Thursday, 18 April, 2019

Past Event

LGBT Seminar and Activities in UCD Geography

Thursday, 18 April, 2019

The School of Geography is hosting a series of events and seminars during the LGBTQ+ week in UCD. The seminars are expected to attract a large attendance. The various activities and schedules are listed below and we look forward to welcoming you to these events.

UCD Geography and the Asia Pacific Research Network (APReN) presents a seminar on LGBT in Vietnam

The rise of LGBT movement in Vietnam: the state & society relations in an authoritarian context - 23 April 2019

Over the past decade, Vietnamese society has witnessed the emergence of a vibrant LGBT movement. The movement has led to changes in social perceptions regarding sexual diversity, as well as state recognition of LGBT rights. Regardless of being labelled as a serious human rights violator, the Communist party-state of Vietnam has become one of the most advanced countries in Asia on LGBT issues. This talk by Dr. Phạm discusses the nature of state governance in dealing with domestic and international challenges, and the mutual benefit-led relationship between the state and LGBT activists in Vietnam today.

Bio:

Dr. Phạm Quỳnh Phương is an anthropologist and senior researcher in the Vietnam Academy of Social Sciences. Her research focuses on the relationship between the state and society in contemporary Vietnam, how the socialist state exercises its power through discourse, and how the ordinary people, with their agency, find their own ways to practice everyday culture and produce everyday politics that might not be in the same language of the state. Her recent research projects include the religious transformation in the Central Highlands of Vietnam and the rise of LGBT movements in Vietnam.

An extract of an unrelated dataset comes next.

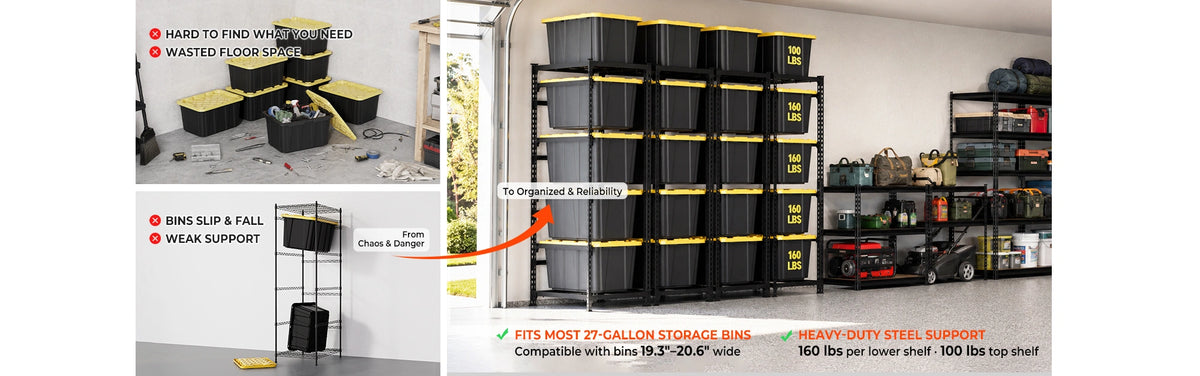 Heavy duty 27 gallon tote rack keeps plastic storage bins organized and secure instead of stacked on the garage floor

SWIG - Supporting Women in Geography in Ireland is hosting a seminar on LGBT Geographies (Transgeographies) - 24 April 2019

Abstracts

Resisting LGBT Education: Heteroactivism as ‘Protecting Children’ in Schools
Kath Browne and Catherine Nash

It is well established that schools are not neutral sites for gender and sexualities, shaping (often heteronormative) school spaces. This paper begins examinations of recent resistances to sex education curricula in Ireland and Birmingham, UK. Where once accepted heteronormativities are now being challenged through the validation of same sex relationships and support for trans students.  Oppositional ideologies that are manifest in Ireland and Birmingham can no longer be understood through the labels of ‘anti-gay’, ‘homophobic’ or ‘transphobic’. We have been developing the concept of heteroactivism to name the activisms and ideologies that seek to reassert the superiority of monogamous, cis-gendered, coupled marriages as best for children and for society. These ideologies are inherently geographical, drawing both on local and individual circumstances, but also transcending national boundaries.  The paper will also tentatively explore the reactions of other (largely White, Christian) organisations to the predominantly Muslim opposition to LGBT education in Birmingham.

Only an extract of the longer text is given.